Don’t Be Fooled by Netflix Earnings Report

The earnings report from Netflix (Nasdaq: NFLX) came as a bit of a surprise to myself and a few other investors, as top line numbers were impressive.  Yet overall earnings and cash flow remain unimpressive.
The overall Netflix earnings report was pretty impressive.  U.S. streaming video subscribers increased by 2.25 million to 35.7 million.  Meanwhile, international membership grew by 1.75 million to a total of 12.7 million, and now represents 25% of the company’s total streaming revenue.  The DVD business continues to slowly die out, with 6.65 million active memberships, down from 7.98 million one year ago.
Those results were enough to send Netflix shares jumping $25 or 7% following Monday’s earnings announcement.
In addition to the Netflix earnings report, the company also revealed some interesting news.
Netflix is raising its prices. The company’s current streaming video service costs $7.99 per month. And the price hasn’t been changed since 2010 when Netflix first introduced streaming video.
The company will raise rates by $1 or $2 per month for new subscribers. And eventually, existing subscribers will be expected to pay more too.
The simple fact is that Netflix has been making huge investment in content. With original programming of House of Cards costing $100 million, Netflix is attempting to be the Internet’s premier provider of video content.
Historically, Netflix has made a lot more money from its DVD rental business than streaming video.  DVD contribution profit was $97 million in the first quarter, meaning each subscriber was worth about $14.66.  Domestic streaming profit contribution was $201 million, meaning each subscriber was only worth $5.64.
With the margins on streaming video subscribers roughly 38% the amount of DVD subscribers, it’s clear that more price increases are coming.
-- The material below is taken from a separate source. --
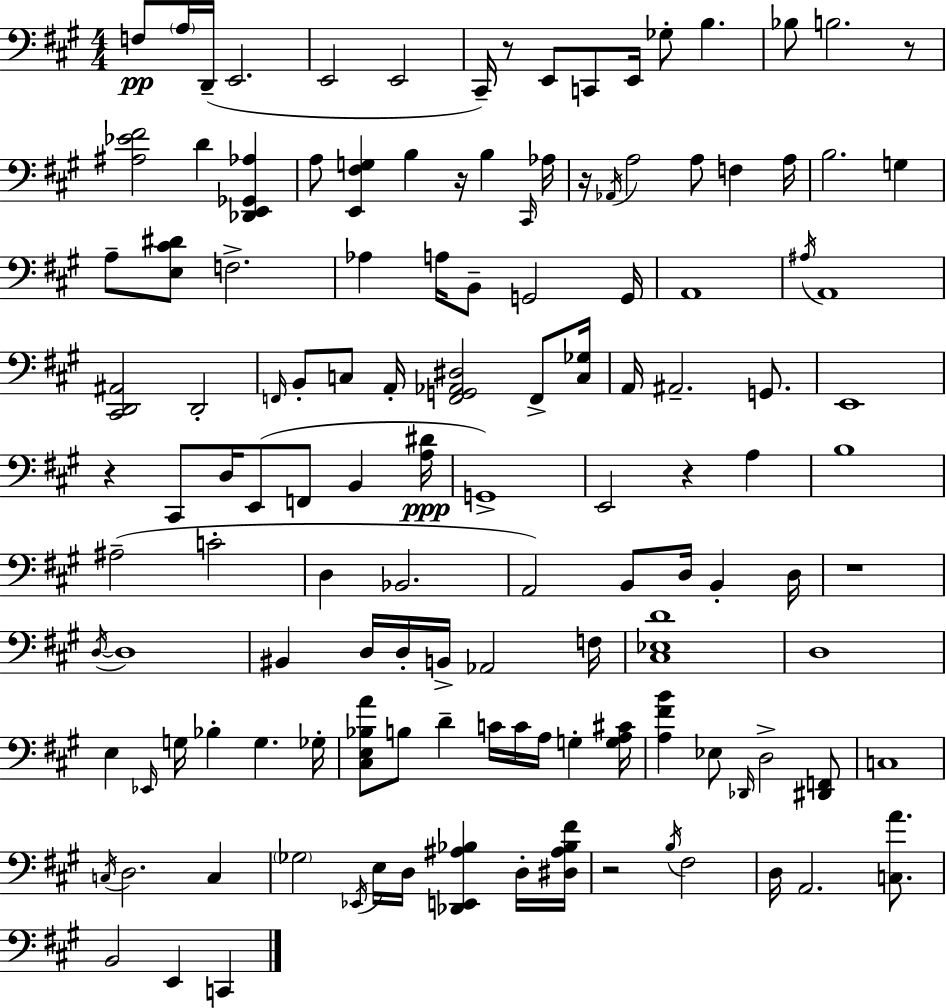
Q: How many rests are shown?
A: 8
For the first quarter, Netflix’s operating income tripled to $97.6 million, but free cash flow was a mere $8 million.
As a result, the company had to issue another $400 million in debt to fund its original programming. Netflix is fond of touting its original programming, yet it’s unclear how these shows contribute to the company’s bottom line.
Netflix investors should be concerned for several reasons: mounting off-balance sheet content obligations (now some $7 billion), only $1.66 billion in cash, virtually no free cash flow, and debt raised for original content.
There is simply no way Netflix can meet those content obligations. Now, that hardly means the company will cease to obtain programming.  However, the studios see Netflix as a vampire sees blood.  The studios will simply renegotiate content deals with Netflix in order to suck it dry of any free cash it ever has.  If Netflix can’t make good on content it is being exclusively provided, the studios will sell it to someone else, like Amazon (NASDAQ:AMZN) or Apple (NASDAQ:AAPL).
That’s why Netflix is raising debt for original programming. Rather than feed the studios every last dime it has, it instead raises money for programming it owns…to sell to other distributors after Netflix is finished with the content.  Netflix sees more ROI on making an investment in content it owns then in renting the content of others.  Unfortunately, a small slate of TV shows won’t keep it afloat.  It must still license other content in perpetuity.
All the while, Netflix will have to continue ratcheting up subscriber fees, little by little. It will never have much free cash flow as it meets content obligation payments.  The very best Netflix can hope for is that it reaches some maximum number of subscribers that throw off enough cash to maintain certain amounts of content, while possibly making money by selling the content it produces to other parties, also to purchase content. So while investors may see growth in operating income as subscriber base and fees expand, it will never see sustainable free cash flow.  That makes the stock worth very little in the long run.
Amidst all of this, the company must deal with competition.  Wouldn’t you know it – Amazon just announced with deal with Time Warner’s (TWX) subsidiary HBO.  Prime customers can now get HBO content via streaming video.
So there is simply no way to justify Netflix’s $353 price tag, which represents a 84x multiple.  That, however, does not mean the stock can’t go higher.  When it comes to a momentum stock that few investors truly understand, anything can happen.
Lawrence Meyers does not own shares in any company mentioned.